Our design celebrates the site’s history and embraces those who now inhabit the environs and claim the neighborhood as their own – it belongs to North Camden today.
1) ILLUSTRATED MAP_ Printed on the floor of the new patio to provide a sense of place and geographic context for the visitor, the map depicts Camden through time. The bubbled images describe a more intimate view and list date and factual information.
2) TABLE PLACE SETTING_ A vignette made up of text and images is stamped into the concrete table top. The vignette illustrates a fictitious gathering to introduce visitors to some of the people who once lived or worked at Pyne Poynt.
The table is stamped with images of a meal almost over with dining implements strewn about. Each of ten plates represent a different character. Each character’s plate is stamped with their name, a symbolic image, general date information, and a brief descriptive statement. The juxtaposition of characters from different time periods provides context for the visitor regarding the changing nature of Pyne Poynt from the 1680s to the 1920s.
3) OUTBUILDING FOOTPRINT TIMELINE_Historical content embedded in the ground plane at each “outbuilding”
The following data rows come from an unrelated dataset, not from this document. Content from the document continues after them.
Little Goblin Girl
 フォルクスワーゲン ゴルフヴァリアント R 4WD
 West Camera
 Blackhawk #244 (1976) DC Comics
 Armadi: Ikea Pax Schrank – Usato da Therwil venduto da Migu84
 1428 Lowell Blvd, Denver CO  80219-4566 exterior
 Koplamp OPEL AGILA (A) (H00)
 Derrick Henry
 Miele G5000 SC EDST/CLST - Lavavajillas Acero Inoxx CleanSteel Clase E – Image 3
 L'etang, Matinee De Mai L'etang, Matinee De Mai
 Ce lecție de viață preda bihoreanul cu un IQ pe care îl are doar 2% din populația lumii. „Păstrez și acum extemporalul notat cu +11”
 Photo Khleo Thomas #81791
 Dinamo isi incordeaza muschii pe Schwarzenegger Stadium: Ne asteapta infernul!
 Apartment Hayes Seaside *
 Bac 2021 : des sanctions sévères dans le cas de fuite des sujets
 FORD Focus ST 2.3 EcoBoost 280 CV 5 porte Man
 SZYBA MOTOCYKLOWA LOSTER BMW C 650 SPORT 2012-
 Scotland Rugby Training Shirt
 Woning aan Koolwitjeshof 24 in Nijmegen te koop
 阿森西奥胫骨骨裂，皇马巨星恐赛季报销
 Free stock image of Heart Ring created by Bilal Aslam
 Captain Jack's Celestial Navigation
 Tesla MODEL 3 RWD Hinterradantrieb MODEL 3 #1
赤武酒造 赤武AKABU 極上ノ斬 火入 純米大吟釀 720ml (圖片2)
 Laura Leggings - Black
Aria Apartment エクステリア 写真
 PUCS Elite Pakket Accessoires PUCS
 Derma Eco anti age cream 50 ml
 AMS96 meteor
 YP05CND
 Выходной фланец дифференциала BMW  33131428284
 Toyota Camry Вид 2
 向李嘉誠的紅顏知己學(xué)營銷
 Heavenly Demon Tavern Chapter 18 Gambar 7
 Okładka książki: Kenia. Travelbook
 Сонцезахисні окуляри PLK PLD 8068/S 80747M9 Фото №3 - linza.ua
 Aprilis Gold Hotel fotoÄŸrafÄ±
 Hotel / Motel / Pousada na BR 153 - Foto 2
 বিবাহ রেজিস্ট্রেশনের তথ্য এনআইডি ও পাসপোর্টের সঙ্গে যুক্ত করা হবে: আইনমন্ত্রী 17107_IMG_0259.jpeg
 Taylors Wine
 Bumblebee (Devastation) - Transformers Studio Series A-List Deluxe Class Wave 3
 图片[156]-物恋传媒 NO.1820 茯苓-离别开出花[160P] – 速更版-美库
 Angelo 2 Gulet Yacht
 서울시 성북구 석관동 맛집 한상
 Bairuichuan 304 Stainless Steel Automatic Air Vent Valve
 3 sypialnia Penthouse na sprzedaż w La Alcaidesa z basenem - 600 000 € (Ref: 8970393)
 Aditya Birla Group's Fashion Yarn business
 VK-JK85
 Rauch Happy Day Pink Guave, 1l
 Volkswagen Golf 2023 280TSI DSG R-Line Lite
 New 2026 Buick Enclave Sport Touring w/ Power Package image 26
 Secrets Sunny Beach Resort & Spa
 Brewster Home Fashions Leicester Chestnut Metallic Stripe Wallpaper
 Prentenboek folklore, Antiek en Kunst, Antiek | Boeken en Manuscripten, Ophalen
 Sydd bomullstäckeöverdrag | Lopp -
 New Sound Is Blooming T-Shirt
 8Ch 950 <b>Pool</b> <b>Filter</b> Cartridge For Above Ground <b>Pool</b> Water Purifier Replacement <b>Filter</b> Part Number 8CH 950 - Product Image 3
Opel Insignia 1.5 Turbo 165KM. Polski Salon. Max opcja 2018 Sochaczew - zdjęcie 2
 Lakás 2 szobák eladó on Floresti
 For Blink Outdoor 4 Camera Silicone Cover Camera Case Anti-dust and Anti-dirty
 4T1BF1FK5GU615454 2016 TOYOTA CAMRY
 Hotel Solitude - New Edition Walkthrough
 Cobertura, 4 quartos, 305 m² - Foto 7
location provides cultural context regarding the civic
significance of the Pyne Poynt as well as the associated lives
introduced within the table vignette collage. Landscape elements of granite slab are embedded in the ground etched with text large enough to be easily legible for the casual walker. The corners of each outbuilding are dated with the time frame the building existed on site and the text ringing the pad describes events during that time period.